Questo materiale viene solitamente utilizzato per la produzione e lavorazione dei materiali compositi, costituiti da matrice di resina e fibra di carbonio appunto, per rendere la struttura più resistente.

Leggerezza e resistenza sono inoltre le due qualità che hanno permesso alla fibra di carbonio di trovare ampio spazio nel settore dell’automotive, del racing, aeronautico e spaziale.

Tra le numerose tecnologie che permettono di realizzare manufatti in carbonio quelle più diffuse sono la tecnica RTM e la tecnica della laminazione e autoclave.

Lavorazione carbonio: la tecnica della laminazione nella lavorazione del carbonio

La tecnica della laminazione viene solitamente utilizzata quando la fase di progettazione e realizzazione del modello sono giunte al termine ed è arrivato il momento di intervenire sul modello degli strati di pre-preg per stampi.

È bene ricordare che con il termine pre-preg ci riferiamo a tutti quei materiali compositi pre-impregnati e fibrorinforzati che contengono già un materiale matrice (solitamente la resina epossidica).

Il futuro stampo, ovvero l’insieme costituito dal modello e dagli strati, viene messo in un sacco dal quale viene eliminata completamente l’aria.

La cottura in autoclave per la polimerizzazione del carbonio

Da questo momento inizia la fase di cottura in autoclave: questa tecnica viene impiegata per la polimerizzazione dei materiali compositivi e della fibra di carbonio ed è considerata la miglior scelta per gli alti standard qualitativi e meccanici che è in grado di garantire.

L’autoclave è di fatto un dispositivo dotato di chiusura ermetica al cui interno, tramite controlli digitali da remoto, è possibile gestire i livelli di temperatura, vuoto e pressione per ottenere la polimerizzazione della resina.
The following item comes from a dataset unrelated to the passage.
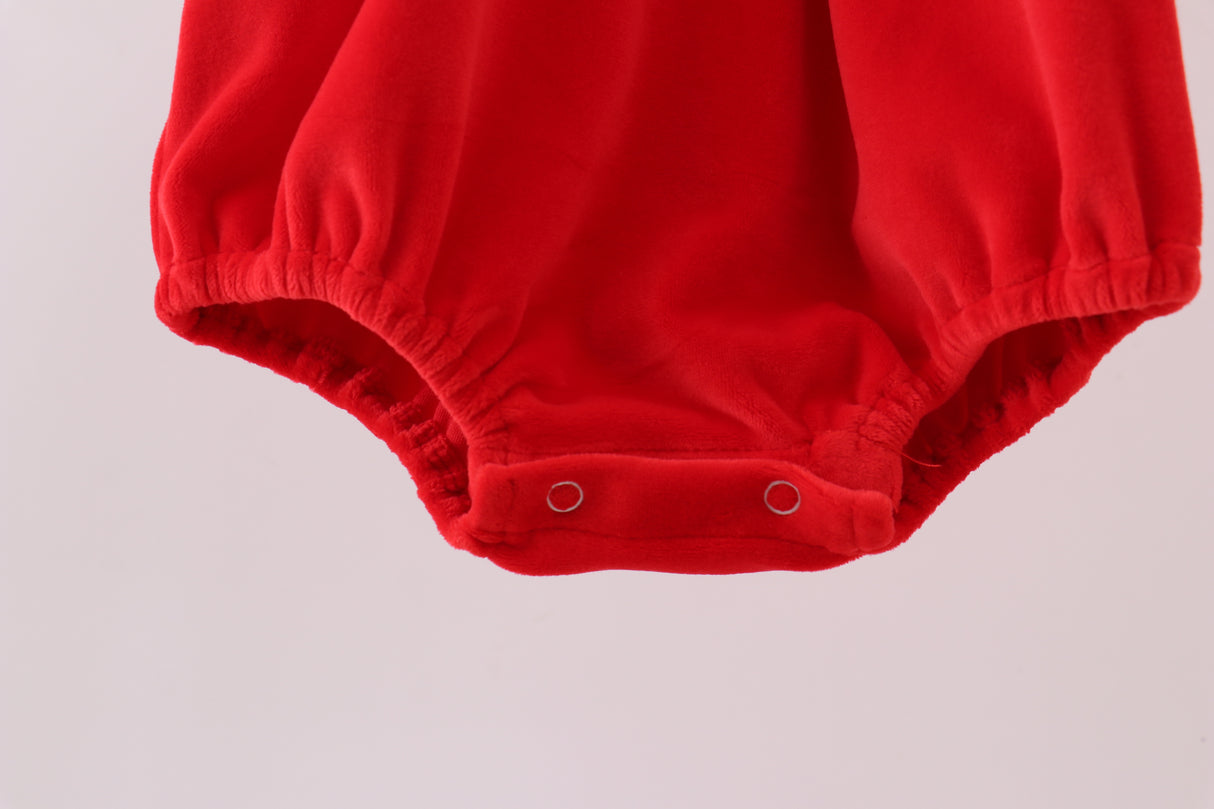 Red bow embroidery velvet bubble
Pressione, temperatura e vuoto vengono gestiti in momenti diversi del processo di polimerizzazione:

  • durante le fasi di riscaldamento, mantenimento e raffreddamento il focus è rivolto alla temperatura;
  • durante le fasi di pressurizzazione, mantenimento e scarico attraverso delle valvole pneumatiche viene regolarizzata la pressione;
  • la condizione di vuoto spinto viene mantenuta per facilitare l’uscita dell’aria residua presente tra gli strati di resina e tessuto creati precedentemente.

Durante l’intero procedimento il pezzo rimane protetto e sigillato nel suo sacchetto per evitare danneggiamenti o altri problemi.
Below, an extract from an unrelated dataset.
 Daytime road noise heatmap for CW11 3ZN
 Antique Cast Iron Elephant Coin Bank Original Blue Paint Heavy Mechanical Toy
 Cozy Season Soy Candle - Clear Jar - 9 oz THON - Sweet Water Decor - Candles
Durante questo processo di lavorazione del carbonio il raggiungimento della temperatura ideale viene influenzato dallo spessore della resina utilizzata: quando questo supera i 10 mm durante la fase di riscaldamento vengono effettuate delle soste (definite in gergo tecnico stasi) così da rendere uniforme la temperatura su tutto il componente oggetto di lavorazione.

Una volta raggiunta la polimerizzazione si procede con l’estrazione del manufatto in carbonio dallo stampo utilizzando una strumentazione ad hoc: tutti i pezzi vengono visionati e vengono eseguite tutte quelle misurazioni necessarie per verificare che il prodotto finale ottenuto rispecchi nel complesso il progetto.

Centro di Lavoro 5 assi Michelangelo HF

Michelangelo HF, la nostra soluzione per modelli

MICHELANGELO HF è il centro di lavoro 5 assi proposto da Celag per la lavorazione di materiali avanzati come quelli compositi o le resine speciali.

Grazie alla tecnologia 5 assi questo centro di lavoro è in grado di eseguire lavorazioni ad alta velocità su forme tridimensionali complesse.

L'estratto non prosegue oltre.